**THE TASK**
Once the pictures are set aside, transcribe each line of the data exactly.

**PROVIDED DATA**

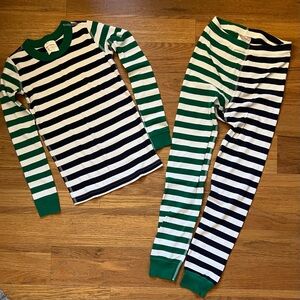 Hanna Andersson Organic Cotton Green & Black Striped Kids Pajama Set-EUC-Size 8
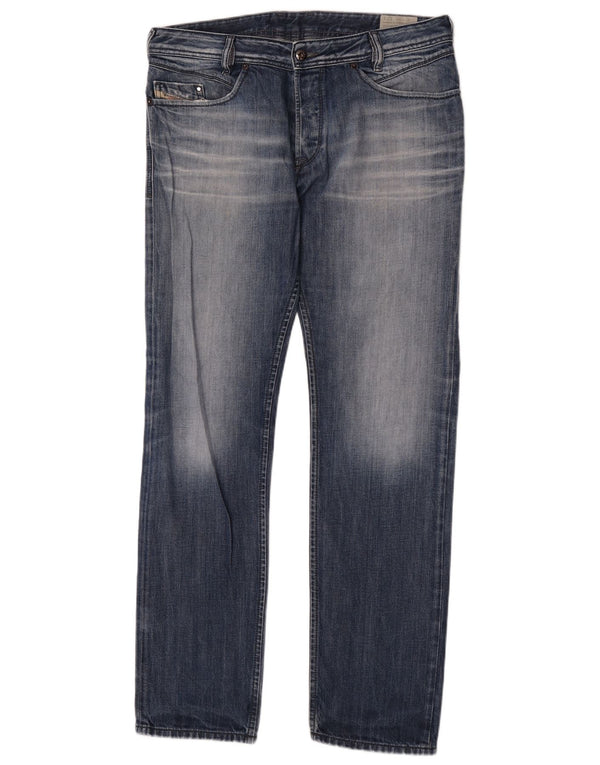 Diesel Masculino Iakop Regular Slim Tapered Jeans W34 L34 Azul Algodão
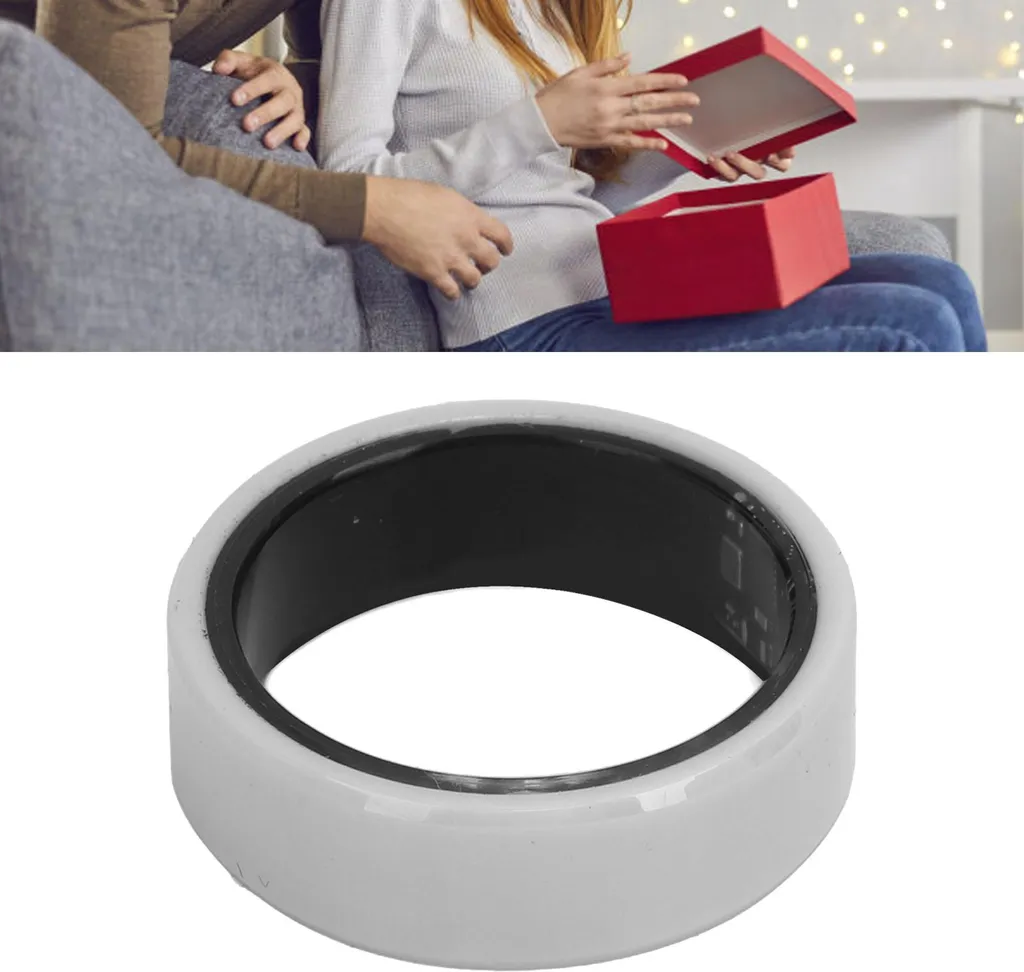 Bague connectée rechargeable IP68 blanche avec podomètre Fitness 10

**WRITTEN ANSWER**
 Hanna Andersson Organic Cotton Green & Black Striped Kids Pajama Set-EUC-Size 8
 Diesel Masculino Iakop Regular Slim Tapered Jeans W34 L34 Azul Algodão
 Bague connectée rechargeable IP68 blanche avec podomètre Fitness 10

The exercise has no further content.